C’è qualcosa che ancora non quadra per la missione militare italiana nel Niger. I ritardi della missione “non sono dipesi da noi, ma dal fatto che il governo del Niger si è tirato indietro”. Ad affermarlo è stata la ministra della Difesa Elisabetta Trenta intervenendo alle Camere per illustrare le linee programmatiche del Ministero della Difesa.

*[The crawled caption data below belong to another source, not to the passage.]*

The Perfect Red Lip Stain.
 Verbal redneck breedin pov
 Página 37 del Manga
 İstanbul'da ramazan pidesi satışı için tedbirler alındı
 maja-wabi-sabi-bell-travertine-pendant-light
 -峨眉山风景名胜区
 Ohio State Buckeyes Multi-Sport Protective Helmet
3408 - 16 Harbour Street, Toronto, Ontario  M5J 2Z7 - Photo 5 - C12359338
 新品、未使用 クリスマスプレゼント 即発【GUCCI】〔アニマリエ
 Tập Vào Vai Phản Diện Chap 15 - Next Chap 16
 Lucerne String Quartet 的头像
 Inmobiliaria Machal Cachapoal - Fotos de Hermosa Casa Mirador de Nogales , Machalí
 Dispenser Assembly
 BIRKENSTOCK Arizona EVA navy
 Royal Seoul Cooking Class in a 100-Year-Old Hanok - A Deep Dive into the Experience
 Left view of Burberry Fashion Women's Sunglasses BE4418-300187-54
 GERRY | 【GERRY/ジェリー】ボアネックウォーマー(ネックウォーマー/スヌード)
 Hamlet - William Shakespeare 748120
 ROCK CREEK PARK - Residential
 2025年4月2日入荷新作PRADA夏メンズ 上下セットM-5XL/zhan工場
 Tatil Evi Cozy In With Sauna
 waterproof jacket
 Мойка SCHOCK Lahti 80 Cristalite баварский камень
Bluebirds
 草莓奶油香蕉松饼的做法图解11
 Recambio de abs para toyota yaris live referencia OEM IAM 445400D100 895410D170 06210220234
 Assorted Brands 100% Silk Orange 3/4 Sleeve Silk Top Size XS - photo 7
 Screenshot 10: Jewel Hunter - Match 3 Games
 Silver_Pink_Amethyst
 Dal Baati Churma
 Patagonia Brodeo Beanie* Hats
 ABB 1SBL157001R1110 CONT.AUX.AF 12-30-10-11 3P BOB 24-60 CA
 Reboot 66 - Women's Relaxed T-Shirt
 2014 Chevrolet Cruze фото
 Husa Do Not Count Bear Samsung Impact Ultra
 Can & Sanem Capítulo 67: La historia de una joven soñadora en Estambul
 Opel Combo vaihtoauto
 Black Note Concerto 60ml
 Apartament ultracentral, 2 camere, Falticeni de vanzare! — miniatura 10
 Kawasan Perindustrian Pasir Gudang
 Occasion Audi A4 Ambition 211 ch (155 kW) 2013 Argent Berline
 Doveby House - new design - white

“Stiamo parlando con il governo del Niger. Siamo disponibili, diteci che tipo di presenza volete. Non è detto che debbano esserci tantissime persone, si può andare con piccole unità formative di training, che possono fare quanto viene richiesto dal governo locale”, ha aggiunto Trenta. “Stiamo aspettando di capire quali sono le esigenze. Il Niger è strategico perché ci consente di fermare i flussi verso la Libia”, ha detto il ministro durante l’audizione alle Camere.
La controversa missione militare italiana in Niger, vede già la presenza di una quarantina di soldati del team di ricognizione italiano, accampato nella base americana della capitale Niamey, comandata dal generale di brigata Antonio Maggi (l’ex comandante del contingente militare posto “a protezione” dell’ospedale di Misurata, in Libia), ma prevedeva un primo dispiegamento già a giugno di altri 120 soldati fra la capitale e Agadez, la città principale a 700 km dal confine libico. L’intervento militare italiano in Niger era stato approvato dal Parlamento in gennaio dando il via libera all’invio di 470 soldati, 130 mezzi e 2 velivoli. Il mandato della missione “Minin” sarebbe quello di addestrare e rafforzare le forze nigerine “per l’incremento di capacità volte al contrasto del fenomeno dei traffici illegali e delle minacce alla sicurezza”, ma i soldati italiani, teoricamente, possono anche “concorrere alle attività di sorveglianza delle frontiere e del territorio”, si tratta del solito paravento per giustificare gli aspetti “combat” dell’operazione. In Niger oltre ai soldati francesi e un piccolo contingente militare tedesco sono presenti anche 800 militari americani.
Sarebbe stato utile però sapere dalla ministra Trenta qualcosa di più sulla missione militare italiana sul versante libico del confine nigerino, più precisamente a Ghat. Secondo fonti della stampa libica, alla fine di giugno una delegazione italiana di militari e di uomini della sicurezza guidata da Massimo Bontempo, capo della Direzione centrale per l’immigrazione al Viminale, era andata a fare un sopralluogo a Ghat “per creare una base italiana che ospiterà soldati e personale di sicurezza per controllare l’immigrazione”.